I am using cutadapt (v1.14) to trim adapter from a published Ribosome profiling dataset (short single-end reads of 51 nt). When I run FastQC on the raw data, I see that the read quality is pretty good at the 3' end with the entire box plot of quality > 30. However when I trim the adapter and run FastQC on the processed data, I find that the Quality drops at the 3' end. I am unable to understand why there will be a drop in quality after adapter trimming when the original reads were of high quality. Would appreciate if someone could throw some light on this.
The adapter trimming command is as follows
cutadapt -a CTGTAGGCACCATCAATATCTCGTATGC -q 20 -m 20 -M 45 -O 6 -o SRR1562913_trimmed.fastq SRR1562913_1.fastq
FastQC on the raw data Raw dataset
FastQC on the processed data Processed data
But shouldn't the lower quality seen for position 33-43 in the processed data be visible for these positions in the raw data?

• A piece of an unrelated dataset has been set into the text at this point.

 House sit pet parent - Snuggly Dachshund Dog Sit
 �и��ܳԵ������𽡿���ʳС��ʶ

Of course their numbers would be small so that mean quality is higher, but even the lower bounds of the box plot is > 30 in the raw data
The lower bound of the box plot (lower whisker) is not the minimal observable value. The exact definition varies. It may represent the tenth percentile for example. If the raw plot of adapter contamination shows high values (say above 50%), the processed box plot may possibly be showing the raw outliers.

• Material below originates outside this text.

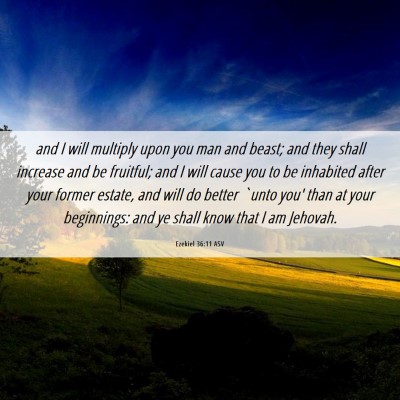 Picture 06 - Ezekiel 36:11 ASV - and I will multiply upon you man and beast; and - Bible Verse Picture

Thanks. I think this explains it. The lower bound is the 10th percentile according to FastQC documentation. The bad quality reads must be in the lowest 10th percentile and hence do not show up in the raw data plot
The adapter do not necessarily have to occur at the very end of your reads, so I think some of them might occur in the 33-43 range boosting the quality score in the region (prior to trimming) as well
So this implies that after adapter trimming you always need to do another round of quality trimming then? and that the order is important: first adapter then quality?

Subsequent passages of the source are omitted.